That's OK rrich, I'm already thinking about ordering an extra base for the 893 to keep mounted in my router table - the above the table adjusting seems like it'll be nice. Actually this is my 4th router, but I don't count the other two. One's a single speed old Stanley 1/4" bit router which I do kinda like, but the other is a Sears 1/4" collet piece of junk which I'll probably Freecycle along with it's router table and dovetail jig when I'm more comfortable using my new PC 4212 dovetail jig.

It's amazing how useless my shop felt when I didn't have a working 1/2" collet router.

Steve


----------



## knotscott (Nov 8, 2007)

If you do end up bypassing the speed controller, you might want to consider just adding an outboard speed controller so you can still put it to use in your table with the big bits. HF has a cheap one that works, and there are others in the $30 range.


----------



## BHOFM (Oct 14, 2008)

You might need to use some silicone to stabilize the
part. It may vibrate with out it and work loose again.


----------



## Tom M (Jul 24, 2011)

Over a year and a half later I came across this thread. I have a PC 8529 that suddenly quit working, and I've spent a lot of time trying to figure out the problem. I initially thought it was the phase control chip because it appeared to have some bubbling on it, as if it overheated. I replaced the chip and the triac, but no luck. The diode checked out and all the passive components seemed to be good, as far as I could tell with a meter. I touched up some of the solder joints, including the ones on the electrolytic caps, which looked especially bad...still no start. 

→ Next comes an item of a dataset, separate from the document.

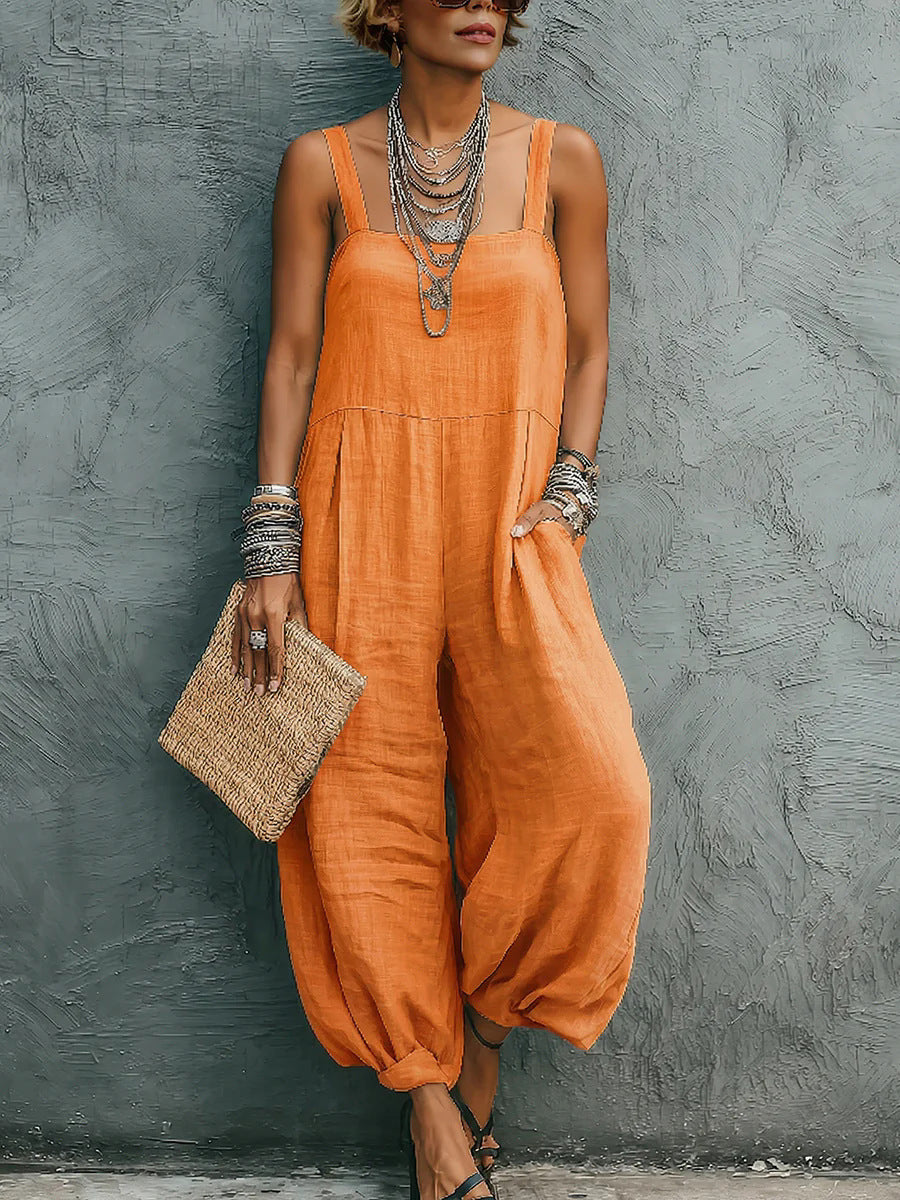 Adelaide Boho Jumpsuit in orange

Anyway, I was about ready to give up and bypass the speed control, when I found "Sprior's" thread, and it got me curious about the two caps. I removed one of the cans from the circuit and measured it...it only read about 2 micro farads. I removed the other and it read about 5 microfarads. I then ran to Radio Shack and bought a pair of 22 micro farad 35v caps, soldered them in, and she started right up! :thumbsup: The new caps are a good bit taller, so I had to lean them over a little and hold them in place with a dab of RTV, but they should work out fine. Now I just have to figure out how to get the switch cover back on...it's really giving me a hard time. Anyway, thanks again to Sprior and all who contributed to this thread.

Tom


----------



## sprior (Aug 31, 2008)

Hey that's great! The one I managed to fix is still running fine, though not used very often since I got addicted to the lathe and bowl turning. We got 2 fixed tools out of one thread - an obvious bargain


----------



## toddrf (Mar 4, 2012)

*Make it three!*

I have a Porter Cable 8529 router that sadly had not been used in a few years. I went to fire it up and nothing. I was about to drop it off at the service center when I thought to do a search and found this thread. Based on the experiences here, I pulled off the cap shown in the image in this thread and purchased a replacement for $1.50 at Radio Shack. I soldered it in place and voila! Thanks for the point in the right direction.


----------



## sprior (Aug 31, 2008)

I'm glad my experimentation helped. Which cap did you buy at Radio Shack? I recently dropped that 7529 off a table and it died again, this time it looks like both of those caps fell off, but I don't know if that's everything that's broken. It's probably a goner this time.


----------



## toddrf (Mar 4, 2012)

*The cap I bought was the 272-1026*



sprior said:


> I'm glad my experimentation helped. Which cap did you buy at Radio Shack? I recently dropped that 7529 off a table and it died again, this time it looks like both of those caps fell off, but I don't know if that's everything that's broken. It's probably a goner this time.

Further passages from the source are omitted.